Replay du samedi 7 novembre 2020

L'obsolescence programmée

- Mis à jour le

Ce samedi, c’est la journée mondiale de la qualité ! Et pour Benoit Prospero ça rime avec Obsolescence programmée !

L'obsolescence programmée
L'obsolescence programmée © Radio France - Claire Charbonnel

C’est quoi l’obsolescence programmée ?

L’obsolescence programmée c’est une stratégie qui consiste à réduire la durée de vie d’un objet pour augmenter sa fréquence de remplacement. 

L’obsolescence programmée a été inventé dans les années 1930 ! Nous sommes aux Etats-Unis. C’est la grande dépression et face à la crise économique sans précédent, un courtier en immobilier new yorkais a l’idée de ce concept pour relancer l'économie. Pour lui, plus on consomme, plus les entreprises doivent produire et donc embaucher ! 

Problème… Ça favorise la surproduction et donc la surconsommation.  Accroissement des déchets, intensification de la pollution aussi, augmentation du gaspillage des matières premières, gaspillage d’énergie.

De plus, produire vite et pas cher, engendre souvent des délocalisations, accentue les conflits entre les pays qui détiennent des matériaux recherchés, favorise la culture du toujours plus et donc la frustration ! 

Il y a des exemples concrets ? 

  1. L’obsolescence technique : un des composants de l’objet n’existe plus.
  2. L’obsolescence esthétique : une entreprise présente très fréquemment un nouveau modèle soit disant beaucoup plus performant ! 
  3. L’obsolescence logicielle : une nouvelle version rend inutilisable l'ancienne.
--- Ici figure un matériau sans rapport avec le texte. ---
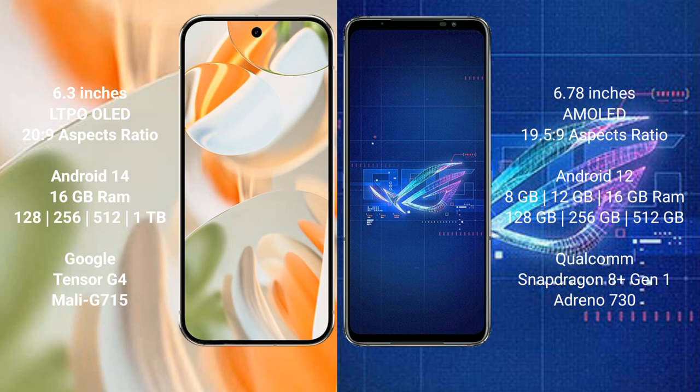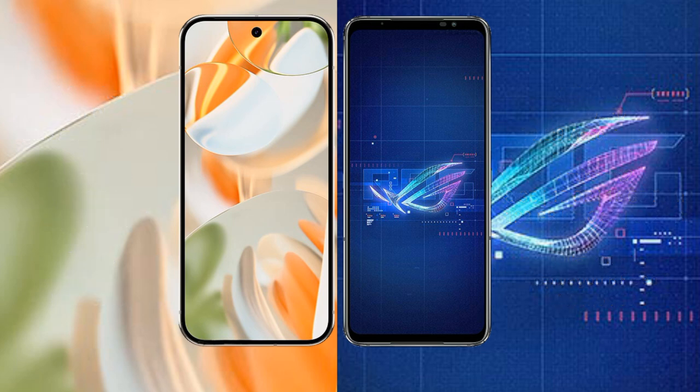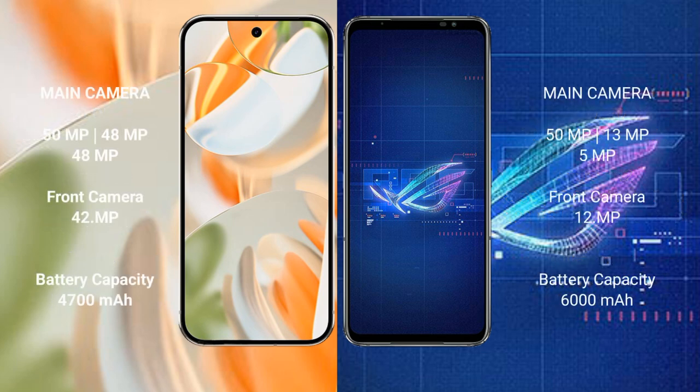The Google Pixel 9 Pro is powered by the Tensor G4 processor with an Adreno 750 GPU. The ASUS ROG Phone 6 comes with 8GB, 12GB, or 16GB RAM, and 128GB, 256GB, or 512GB internal storage, powered by the Qualcomm Snapdragon 8 Gen 1 processor with an Adreno 730 GPU.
Il se trouve qu’en France, depuis 2015, c’est un délit passible en théorie, de 2 ans de prison et 300.000 euros d'amende. Amende qui peut aller jusqu'à 5% du chiffre d'affaires moyen annuel. 

Problème, c’est difficile à prouver ! Ceci étant grâce des associations comme HOP qui luttent contre l’obsolescence programmée, on y arrive de plus en plus. 

Bon en résumé on retient quoi ?

Que si l’on veut stopper l’obsolescence programmée qui consiste à réduire la durée de vie d’un objet, nous pouvons réfléchir à notre façon de consommer, c’est à dire acheter par besoin et non par envie, consommer moins pour consommer mieux.